Olay ucuz, sefil ve hatta 5’inci sınıf bir tiyatro kumpanyasının “derme çatma dekorlu”, sapır sapır dökülen oyununa döndü.
Memleketi yangın yerine, tsunami vurmuş bir sahil kentine, kızgın lavlar altında kalmış bir volkanik dağ köyüne döndüren beceriksiz yönetim, bir yandan da işi adeta “gırgıra” bağlamışçasına milletle alay etmenin derdinde.
Ekonomideki ağır buhranın altında ezilmişliği gölgelemek için komik komik insanları seferber ederek daha da sefil bir tabloya imza atıyorlar.
Geçen gece, Pelikan çiftliğinden kız çocuğunun birine hazırlattıkları ve “amatör bir stand up gösterisi” kıvamındaki sosyal medya videosu ile kahkaha attırdılar herkese. Hani şu “Amerika yıkılıyor, Almanya kırılıyor, İngiltere perişan. Onlarla kıyaslandığında, bizdeki sıkıntı ne ki?..” tadındaki zavallı şovdan söz ediyorum. Sonra Meclis kürsüsünden bir hanımefendiye yaptırdıkları “Ezanları susturamayacaksınız, bayrakları indiremeyeceksiniz, bizleri teslim alamayacaksınız” mealinde ezik bir konuşma ile iyice gülünç duruma düştüler. Artık iyice saçmalama rekorları kırmaya başlayan bir “fırıldak yandaş duayen”e yazdırdıkları yazıda “Allahını seven defansa gelsin. Biz düşersek Türkiye düşer. İzin vermeyelim” tadında yazılarla, acınacak “veda notları”na imza attılar.
Sağda solda, sosyal medyaya yansıyan bazı “dayı videolarında” bu iflasın ve çöküşün ifadesi anlamında trajikomik savunmalarla, ilkokul müsameresi kıvamında komikliklerle tarih yazmaları da cabası.
Bir yandan da yandaş havuzun sefil manşet üreticileri ve köşe yazarları, bu komiklik furyasında ön almak için canla başla mücadele içindeler.
Biri tutuyor, “İBB’de cirit atan PKK’li teröristler komedisi” çevirmeye kalkışıyor. Her zaman yaptıkları gibi, “Pislik at, izi kalsın” düşkünlüğünde, haklarında bir yargı kararı bulunmayan kişileri sözde terörist ilan ederek İBB’yi karalamanın derdinde.
Bir başkası, gece gündüz “Meral - Kemal - Ekrem - Mansur dörtlüsü” arasında nasıl bir savaş çıkarırım da Millet İttifakı’nı zayıflatırım çabasında. Yılın 365 günü aynı konuyu diline dolayarak o konudan bir “ekmek çıkaramayacağını” bile anlamadan tam gaz devam ediyor “misyonuna”...

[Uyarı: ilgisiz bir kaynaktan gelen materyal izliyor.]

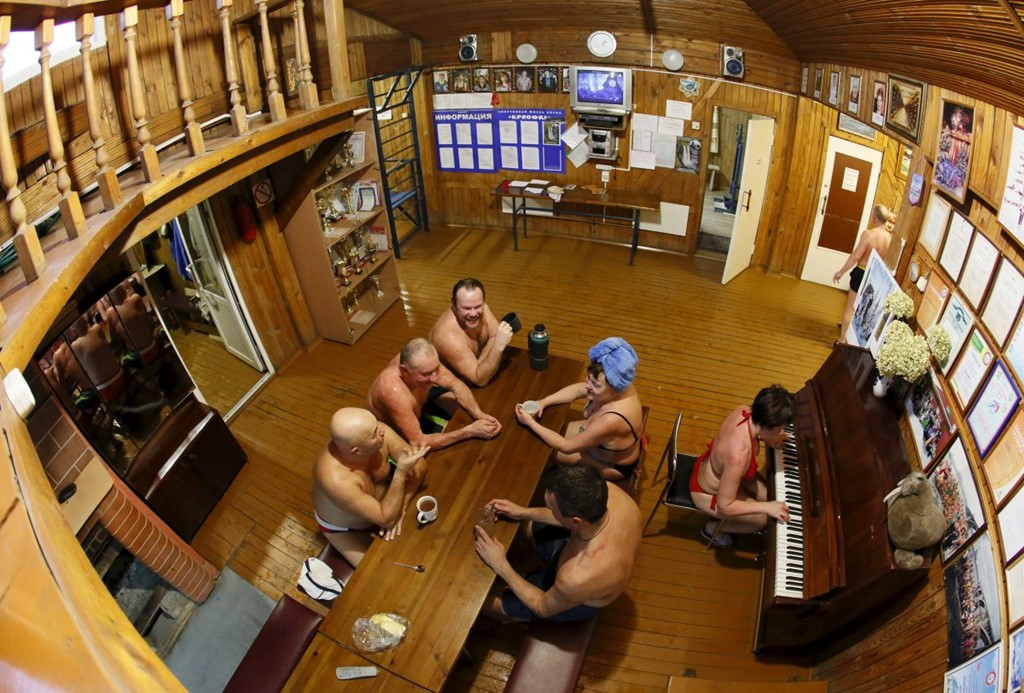 Picture 10 of Siberian people bathing in cold water in the middle of the sky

Koalisyonu oluşturan partilerin liderleri, bozuk plak gibi “Olmayacak erken seçim, vallahi olmayacak, billahi olmayacak...” nakaratını tekrarlayarak “Geliyor gelmekte olan” sloganını böyle karşılayamayacaklarının bile farkında değiller.

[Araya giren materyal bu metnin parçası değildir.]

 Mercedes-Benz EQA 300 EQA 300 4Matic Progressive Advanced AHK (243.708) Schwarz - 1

TBMM’deki bütçe görüşmeleri sırasında, “gelmekte olanın korkusu ve endişesi ile sağa sola saldıran, ona azar, buna atar, ötekine gider modunda” bakanların, kendilerini gülünç duruma düşüren tiratları ve çıkardıkları kavgaları saymıyorum bile.
Kısacası, bir garip ruh hali ile debelenip duran bir yönetici klik ve onların yancıları, yandaşları ile beslemelerinden oluşan çaresiz bir koroyla karşı karşıyayız.
Aslında, bunların dışındaki on milyonlarca insandan oluşan mağdur çoğunluk olarak hayat pahalılığından, geleceğe güvenin erimesinden ve karamsarlıktan mustarip olmasak, aslında bayağı eğleneceğiz de... İşin şaka ve espri kaldırır bir yanı kalmadı artık.
Bir an önce şu 5’inci sınıf oyunun “final” yapması ile bir nefes almayı umuyoruz.
Aslında sadece bir “nefes” alacağımızı, ama gerçekten normal hayata dönmemizin çok uzun bir süre alacağını bile bile.